▶ WORK ITEM
From the first line to the last, retype everything below exactly, minus the pictures.

▶ THE DATA

================

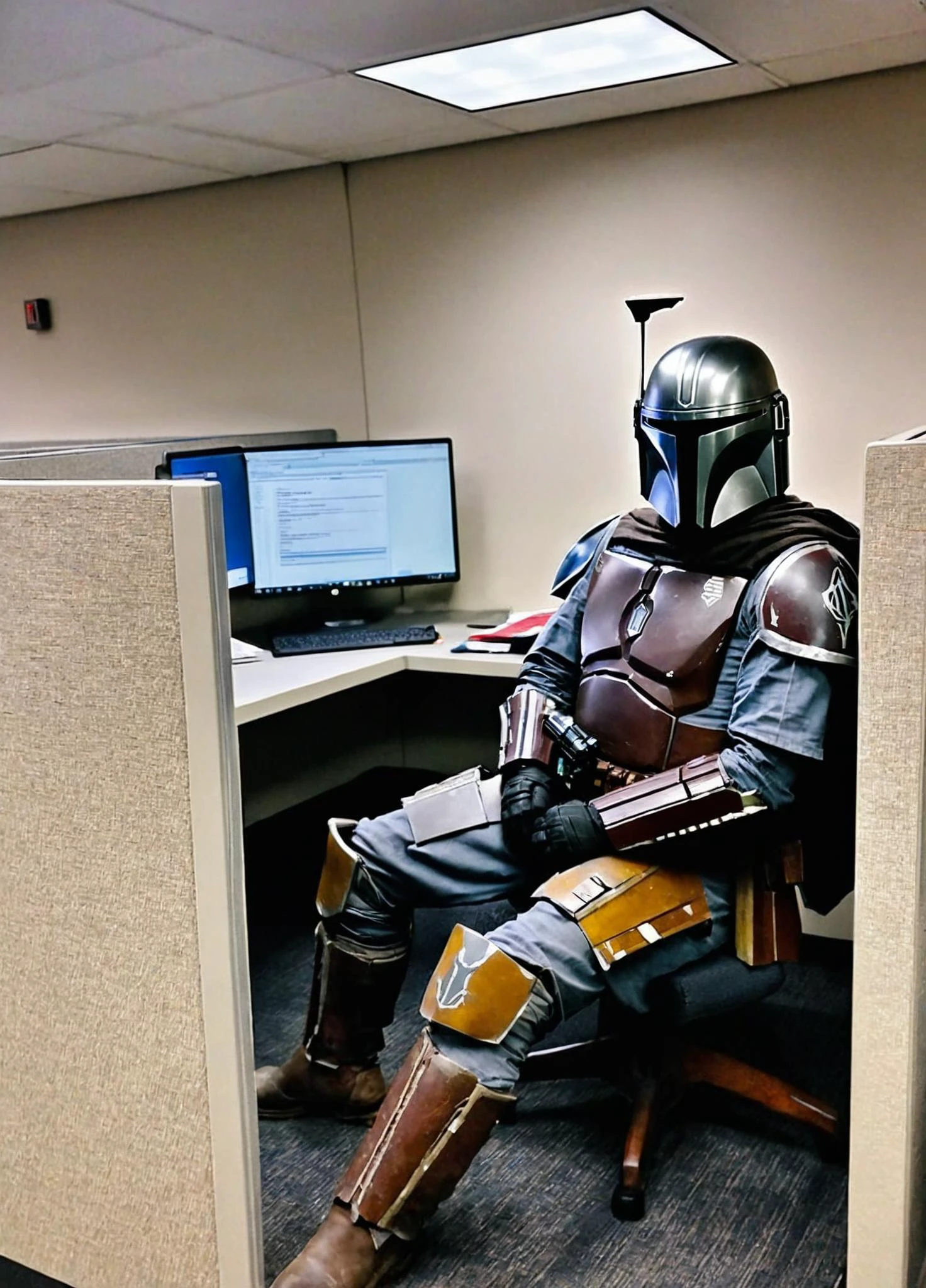 Casual photo of the Mandalorian sitting in an office cubicle doing work, Mandalorian style <lora:Mandalorian style:0.8>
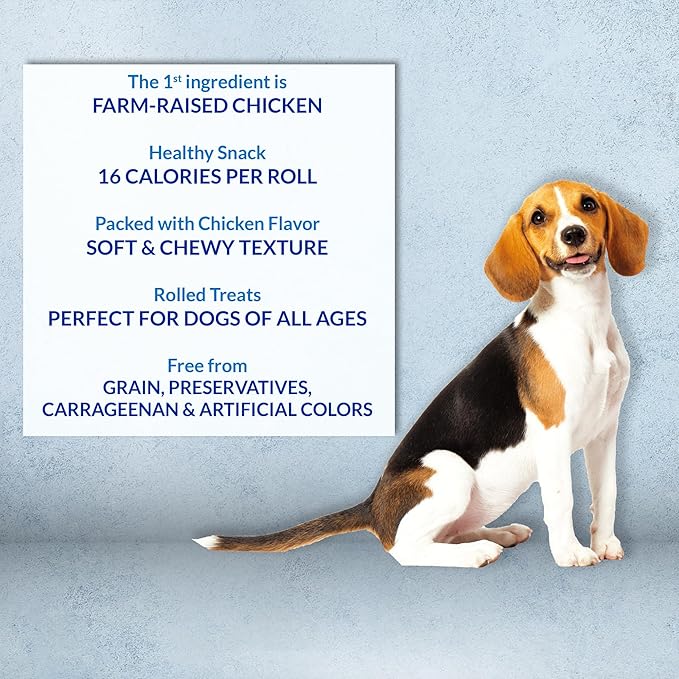 INABA Churu Rolls for Dogs, Soft & Chewy Baked Chicken Wrapped Filled Dog Treats, 0.42 Ounces Each Tube, 64 Tubes Total, Chicken Recipe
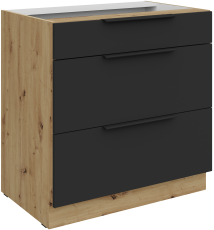 Spodnja omara Aria - črna/artisan hrast - 80 D 3S BB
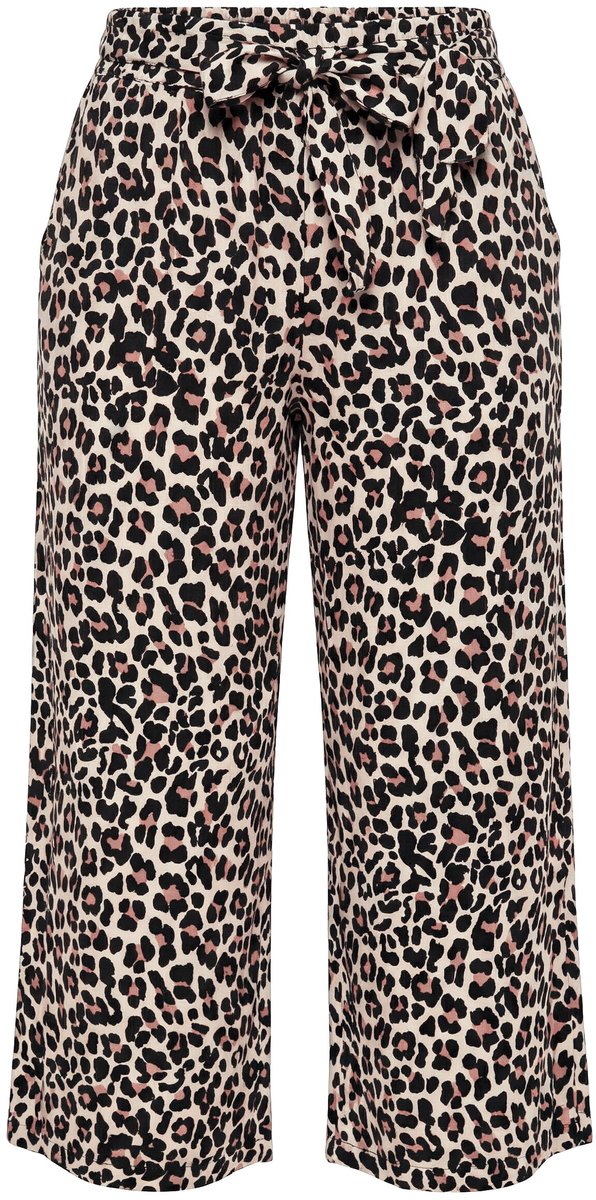 MIAMODA - Dames - Culotte wijde pijpen luipaardpatroon elastische tailleband - Vanille - Maat 58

================

▶ TASK OUTPUT
 Casual photo of the Mandalorian sitting in an office cubicle doing work, Mandalorian style <lora:Mandalorian style:0.8>
 INABA Churu Rolls for Dogs, Soft & Chewy Baked Chicken Wrapped Filled Dog Treats, 0.42 Ounces Each Tube, 64 Tubes Total, Chicken Recipe
 Spodnja omara Aria - črna/artisan hrast - 80 D 3S BB
 MIAMODA - Dames - Culotte wijde pijpen luipaardpatroon elastische tailleband - Vanille - Maat 58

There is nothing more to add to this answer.